В начале семидесятых годов Тютчев испытал подряд несколько ударов судьбы, слишком тяжелых для семидесятилетнего старика; вслед за единственным братом, с которым его связывала интимная дружба, он потерял старшего сына и замужнюю дочь. Он стал слабеть, его ясный ум тускнел, поэтический дар стал изменять ему. После первого удара паралича (1 января 1873 г.) он уже почти не поднимался с постели, после второго прожил несколько недель в мучительных страданиях - и скончался 15 июля 1873 года.

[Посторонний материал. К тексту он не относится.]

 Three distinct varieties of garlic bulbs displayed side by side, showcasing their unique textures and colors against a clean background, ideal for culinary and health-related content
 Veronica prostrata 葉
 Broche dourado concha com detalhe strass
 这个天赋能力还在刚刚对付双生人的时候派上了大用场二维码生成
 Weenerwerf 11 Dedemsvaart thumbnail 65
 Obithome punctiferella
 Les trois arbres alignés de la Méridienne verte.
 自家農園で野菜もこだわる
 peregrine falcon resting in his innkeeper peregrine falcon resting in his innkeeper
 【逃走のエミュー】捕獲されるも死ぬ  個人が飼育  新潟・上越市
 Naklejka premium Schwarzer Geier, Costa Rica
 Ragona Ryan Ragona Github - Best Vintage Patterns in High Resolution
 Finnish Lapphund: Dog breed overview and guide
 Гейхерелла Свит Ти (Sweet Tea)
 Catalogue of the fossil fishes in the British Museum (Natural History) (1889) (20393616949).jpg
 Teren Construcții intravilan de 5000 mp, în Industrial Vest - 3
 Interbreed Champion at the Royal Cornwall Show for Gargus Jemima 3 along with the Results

Как человек, он оставил по себе лучшие воспоминания в том круге, к которому принадлежал. Блестящий собеседник, яркие, меткие и остроумные замечания которого передавались из уст в уста (вызывая в князе Вяземском желание, чтобы по ним была составлена Тютчевиана, "прелестная, свежая, живая современная антология"), тонкий и проницательный мыслитель, с равной уверенностью разбиравшийся в высших вопросах бытия и в подробностях текущей исторической жизни, самостоятельный даже там, где он не выходил за пределы установившихся воззрений, человек, проникнутый культурностью во всем, от внешнего обращения до приемов мышления, он производил обаятельное впечатление особой - отмеченной Никитенко - "любезностью сердца, состоявшей не в соблюдении светских приличий (которых он никогда и не нарушал), но в деликатном человечественном внимании к личному достоинству каждого". Впечатление нераздельного господства мысли - таково было преобладающее впечатление, которое производил этот хилый и хворый старик, всегда оживленный неустанной творческой работой мысли. Поэта-мыслителя чтит в нем, прежде всего, и русская литература. Литературное наследие его не велико: несколько публицистических статей и около пятидесяти переводных и двухсот пятидесяти оригинальных стихотворений, среди которых довольно много неудачных. Среди остальных зато есть ряд перлов философской лирики, бессмертных и недосягаемых по глубине мысли, силе и сжатости выражения, размаху вдохновения.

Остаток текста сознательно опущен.